Common Misconceptions

"RAPTOR is the same as recursive summarization." Simple recursive summarization creates a linear chain of summaries (summarize chapters, then summarize the chapter summaries). RAPTOR uses clustering to group semantically related chunks regardless of their position in the document. A cluster might include chunks from Chapter 2 and Chapter 7 that discuss the same topic. This semantic clustering produces more coherent and useful summaries than position-based approaches.
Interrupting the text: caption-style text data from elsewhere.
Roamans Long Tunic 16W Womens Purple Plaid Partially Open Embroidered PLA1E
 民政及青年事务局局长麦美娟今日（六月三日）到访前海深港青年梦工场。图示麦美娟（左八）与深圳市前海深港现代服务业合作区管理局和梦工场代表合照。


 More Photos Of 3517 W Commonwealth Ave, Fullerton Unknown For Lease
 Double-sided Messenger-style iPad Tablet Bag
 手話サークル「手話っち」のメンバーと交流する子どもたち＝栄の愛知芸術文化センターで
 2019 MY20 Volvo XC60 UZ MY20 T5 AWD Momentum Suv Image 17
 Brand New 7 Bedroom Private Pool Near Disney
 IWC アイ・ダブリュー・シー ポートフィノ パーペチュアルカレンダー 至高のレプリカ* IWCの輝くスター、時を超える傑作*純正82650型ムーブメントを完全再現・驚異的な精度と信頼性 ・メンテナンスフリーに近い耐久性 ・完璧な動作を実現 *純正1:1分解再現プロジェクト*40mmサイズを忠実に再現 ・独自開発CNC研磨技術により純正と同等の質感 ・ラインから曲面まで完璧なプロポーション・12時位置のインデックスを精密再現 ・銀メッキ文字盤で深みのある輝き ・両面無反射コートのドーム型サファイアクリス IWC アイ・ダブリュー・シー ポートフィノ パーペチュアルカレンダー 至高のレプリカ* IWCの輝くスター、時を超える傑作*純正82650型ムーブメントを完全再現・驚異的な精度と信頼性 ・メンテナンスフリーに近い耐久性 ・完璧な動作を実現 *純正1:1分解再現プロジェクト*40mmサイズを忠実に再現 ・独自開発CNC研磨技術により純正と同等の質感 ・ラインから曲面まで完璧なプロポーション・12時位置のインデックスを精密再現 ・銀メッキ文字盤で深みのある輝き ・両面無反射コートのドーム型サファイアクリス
"RAPTOR only works for single long documents." While the examples often focus on single documents, RAPTOR works across multiple documents. The clustering step groups semantically similar chunks regardless of which document they came from, naturally creating cross-document thematic summaries.

"Higher tree levels are always better for abstract queries." The collapsed tree approach works precisely because the right level depends on the specific query. Sometimes a mid-level summary is most relevant; sometimes a specific chunk is needed even for a seemingly abstract question. Letting the retrieval system choose freely across all levels outperforms forcing traversal from the top.

"RAPTOR replaces the need for good chunking." RAPTOR still depends on the quality of the leaf-level chunks. Poor chunking (splitting mid-sentence, chunks too large or too small) propagates errors up the tree. RAPTOR enhances good chunking but does not fix bad chunking.

"The summaries lose important details." By construction, the original leaf chunks are always in the tree. Summaries add higher-level representations but do not replace the originals. The collapsed tree retrieval can return leaf nodes when specificity is needed.

Connections to Other Concepts

rag.md: RAPTOR is an advanced indexing strategy for RAG that replaces flat chunk storage with a hierarchical tree structure.
chunking-strategies.md: RAPTOR depends on quality chunking for its leaf nodes. Semantic chunking at the leaf level can further improve RAPTOR's effectiveness.
graphrag.md: Both RAPTOR and GraphRAG address the limitation of flat retrieval for global queries. GraphRAG uses entity-relationship graphs and community detection; RAPTOR uses clustering-based trees. They are complementary approaches to the same problem.
embedding-models-and-vector-databases.md: RAPTOR uses embeddings for both clustering (via UMAP) and retrieval (via similarity search). The quality of the embedding model affects both stages.
agentic-rag.md: An agentic system could use RAPTOR's tree structure strategically -- first retrieving high-level summaries to understand the landscape, then drilling into specific leaf nodes for details.
late-chunking.md: Both RAPTOR and late chunking aim to preserve broader context that is lost in standard chunking. Late chunking preserves context at the embedding level; RAPTOR preserves it through hierarchical summarization.